4. If a volume is mode RWX (Migratable)
It will be detached from the requested node.
if a migration is in progress then depending on the requested node to detach different migration actions will happen.
A migration confirmation will be triggered if the detach request is for the first node.
A migration rollback will be triggered if the detach request is for the second node.
## Design
### Implementation Overview
#### Volume migration flow
The live migration intention is triggered and evaluated via the attach/detach calls.
The expectation is that Kubernetes will bring up a new pod that requests attachment of the already attached volume.
This will initiate the migration start, after this there are two things that can happen.
Either Kubernetes will terminate the new pod which is equivalent to a migration rollback, or
the old pod will be terminated which is equivalent to a migration complete operation.
1. Users launch a new VM with a new migratable Longhorn volume ->
A migratable volume is created then attached to node1.
Similar to regular attachment, Longhorn will set `v.spec.nodeID` to `node1` here.
2. Users launch the 2nd VM (pod) with the same Longhorn volume ->
1. Kubernetes requests that the volume (already attached) be attached to node2.
Then Longhorn receives the attach call and set `v.spec.migrationNodeID` to `node2` with `v.spec.nodeID = node1`.
2. Longhorn volume-controller brings up the new engine on node2, with inactive matching replicas (same as live engine upgrade)
3. Longhorn CSI driver polls for the existence of the second engine on node2 before acknowledging attachment success.

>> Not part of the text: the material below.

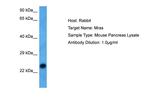 MRAS Antibody in Western Blot (WB)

3. Once the migration is started (running engines on both nodes),
the following detach decides whether migration is completed successfully,
or a migration rollback is desired:
1. If succeeded: Kubevirt will remove the original pod on `node1`,
this will lead to requesting detachment from node1, which will lead to longhorn setting
`v.spec.nodeID` to `node2` and unsetting `v.spec.migrationNodeID`
2. If failed: Kubevirt will terminate the new pod on `node2`,
this will lead to requesting detachment from node2, which will lead to longhorn keeping
`v.spec.nodeID` to `node1` and unsetting `v.spec.migrationNodeID`
4. Longhorn volume controller then cleans up the second engine and switches the active replicas to be the current engine ones.
In summary:
```
n1 | vm1 has the volume attached (v.spec.nodeID = n1)
n2 | vm2 requests attachment [migrationStart] -> (v.spec.migrationNodeID = n2)
volume-controller brings up new engine on n2, with inactive matching replicas (same as live engine upgrade)
csi driver polls for existence of second engine on n2 before acknowledging attach
The following detach decides whether a migration is completed successfully, or a migration rollback is desired.
n1 | vm1 requests detach of n1 [migrationComplete] -> (v.spec.nodeID = n2, v.spec.migrationNodeID = "")
n2 | vm2 requests detach of n2 [migrationRollback] -> (v.spec.NodeID = n1, v.spec.migrationNodeID = "")
The volume controller then cleans up the second engine and switches the active replicas to be the current engine ones.
```
### Test plan
#### E2E tests
- E2E test for migration successful
- E2E test for migration rollback
### Upgrade strategy
Requires using a storage class with `migratable: "true"` parameter for the harvester volumes
as well as an RWX PVC to allow live migration in Kubernetes/Kubevirt.